» **Work instructions**
Using the records below, write out only the lines from the line containing "ビーム部分はひたすら溝を掘っ" up to and including the line containing "Air Jordan 4 Retro", exactly, with no pictures.

» **Data to use**
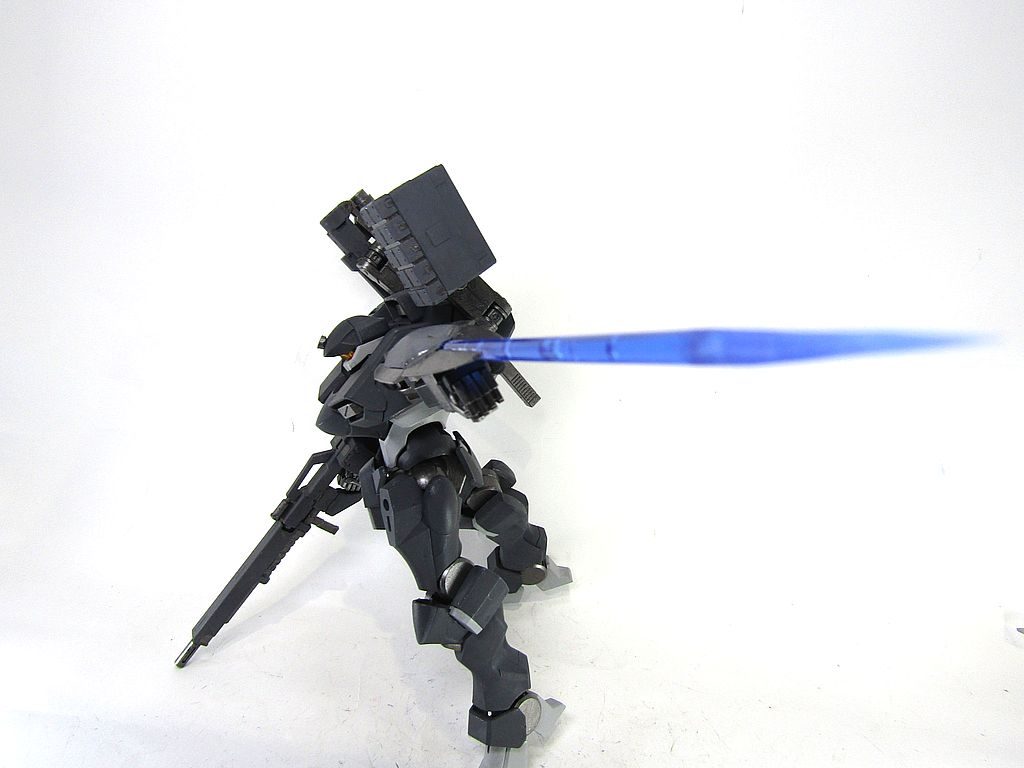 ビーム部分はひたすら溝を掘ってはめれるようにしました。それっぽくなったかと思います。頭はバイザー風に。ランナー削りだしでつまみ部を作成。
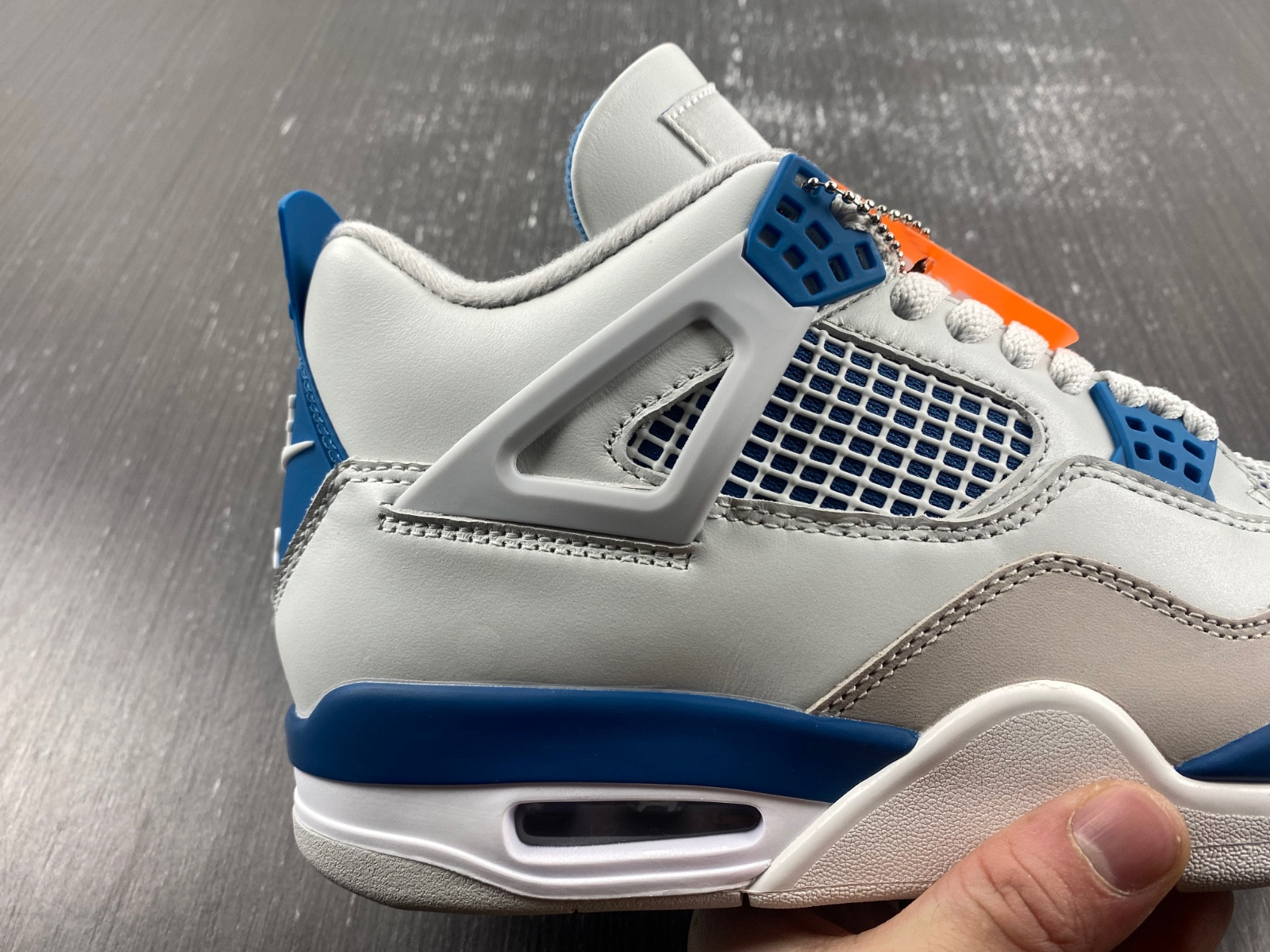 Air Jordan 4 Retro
* * *
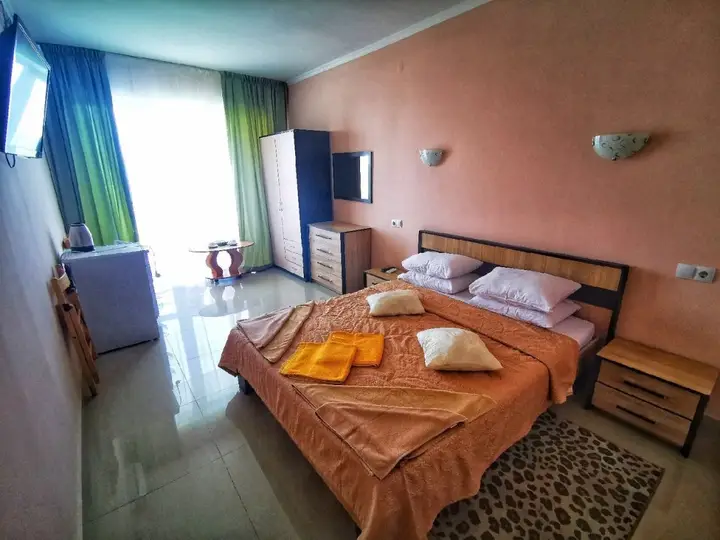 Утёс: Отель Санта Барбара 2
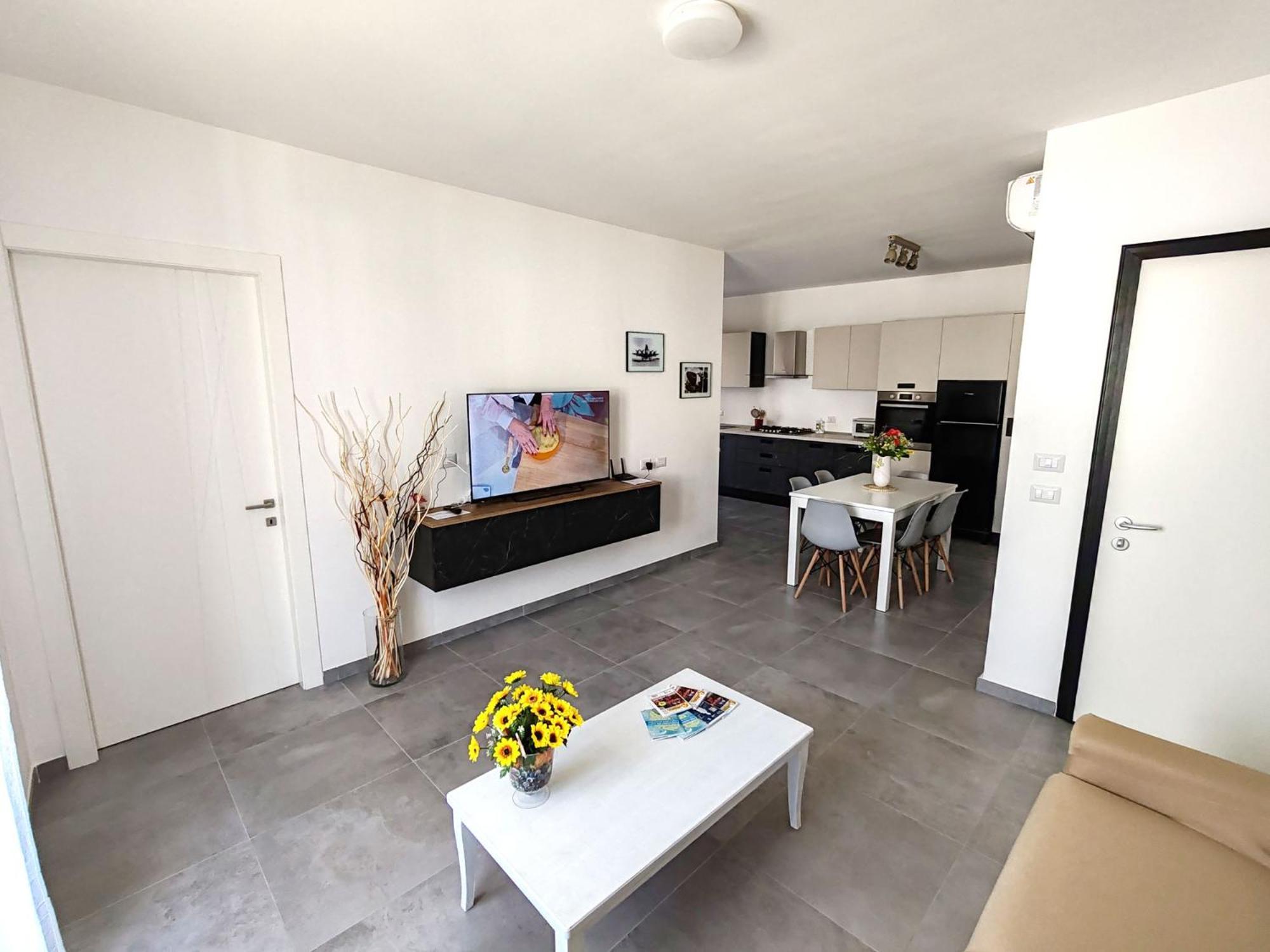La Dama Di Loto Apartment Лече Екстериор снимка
* * *
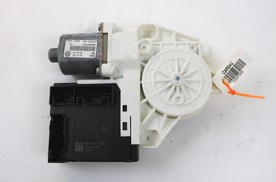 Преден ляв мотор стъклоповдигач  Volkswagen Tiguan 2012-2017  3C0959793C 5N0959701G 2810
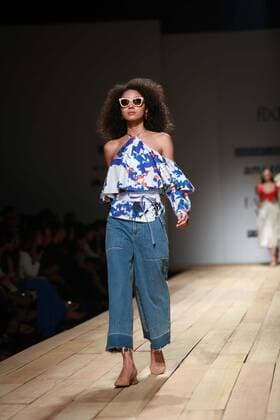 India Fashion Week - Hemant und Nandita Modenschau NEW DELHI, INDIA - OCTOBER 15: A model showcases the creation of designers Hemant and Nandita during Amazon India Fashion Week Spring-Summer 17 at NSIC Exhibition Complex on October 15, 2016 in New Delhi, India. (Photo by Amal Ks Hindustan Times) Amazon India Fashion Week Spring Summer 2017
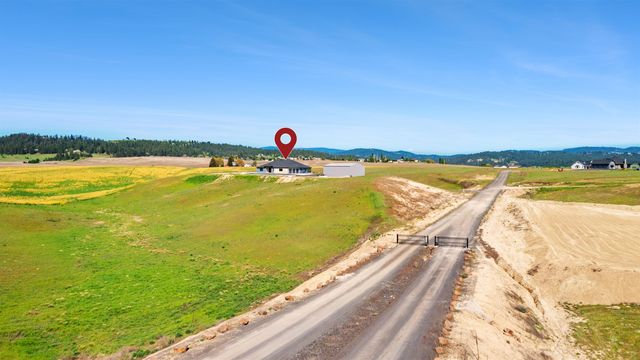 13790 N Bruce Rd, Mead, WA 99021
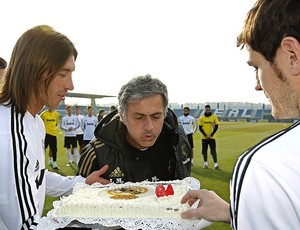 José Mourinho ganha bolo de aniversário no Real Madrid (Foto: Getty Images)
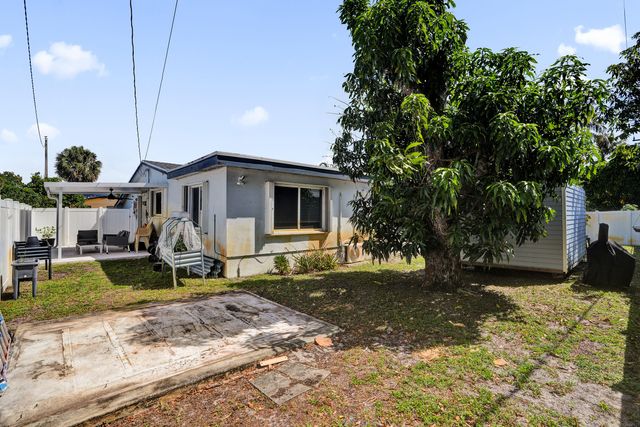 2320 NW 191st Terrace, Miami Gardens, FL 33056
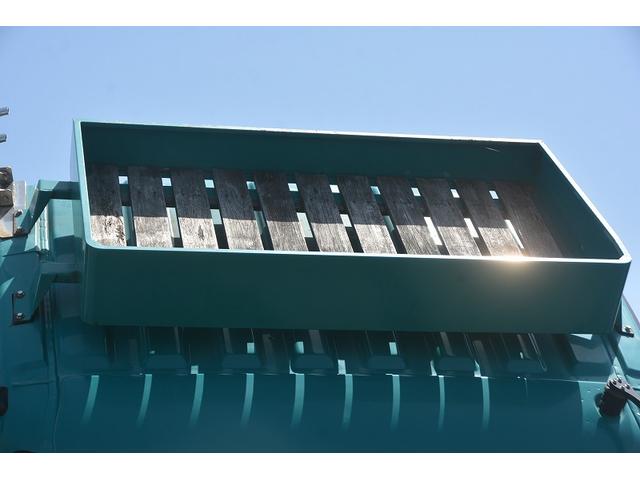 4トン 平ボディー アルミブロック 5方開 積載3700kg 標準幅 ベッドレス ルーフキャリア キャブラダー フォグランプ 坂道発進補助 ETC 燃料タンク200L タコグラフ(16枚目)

» **Your response**
 ビーム部分はひたすら溝を掘ってはめれるようにしました。それっぽくなったかと思います。頭はバイザー風に。ランナー削りだしでつまみ部を作成。
 Air Jordan 4 Retro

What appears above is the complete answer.